Abbasi, B., et al. "Effect of magnesium supplementation on sleep quality: A randomized, placebo-controlled trial." Journal of Research in Medical Sciences, 17(2), 161-169, 2012.
Kim, S., Jo, K., et al. "GABA and l-theanine mixture decreases sleep latency and improves NREM sleep." Pharmacology & Biology, 57(1), 65-73, 2019.
Jang, H.S., et al. "L-theanine partially recovers PC12 cell death induced by H2O2." Phytotherapy Research, 22(6), 778-785, 2008.
FAQ
Q: Is melatonin dangerous? A: The research shows a strong association with heart failure for long-term use. It's safe for 1-2 months, but chronic use lacks safety data. Switching to alternatives is the smarter move.
Q: Can I stop melatonin immediately? A: Yes, melatonin doesn't create dependence. Switch to the magnesium + L-theanine stack at the same time to maintain sleep quality.

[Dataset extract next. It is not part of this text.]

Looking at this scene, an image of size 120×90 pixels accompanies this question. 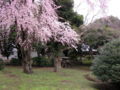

Q: How fast does the stack work? A: Most people notice improvement within 3-7 days. Give it 2-3 weeks for full effectiveness.
Q: Is it safe to take every night? A: Yes. Unlike melatonin, it's safe long-term and actually works better with consistent use.
Q: Threonate vs. Bisglycinate? A: Threonate crosses the blood-brain barrier better. Bisglycinate is easier on digestion. Both work for sleep.
Q: Should I take with food? A: Magnesium absorbs better with food. Take both 30-60 minutes before bed.
Q: Drug interactions? A: Generally safe, but check with your doctor if you're on blood thinners, bisphosphonates, or antibiotics.
Q: Safe during pregnancy? A: Consult your doctor before starting any supplement while pregnant or breastfeeding.
Q: Can I mix with alcohol? A: No. Both are sedative. Wait 3-4 hours after drinking before taking the stack.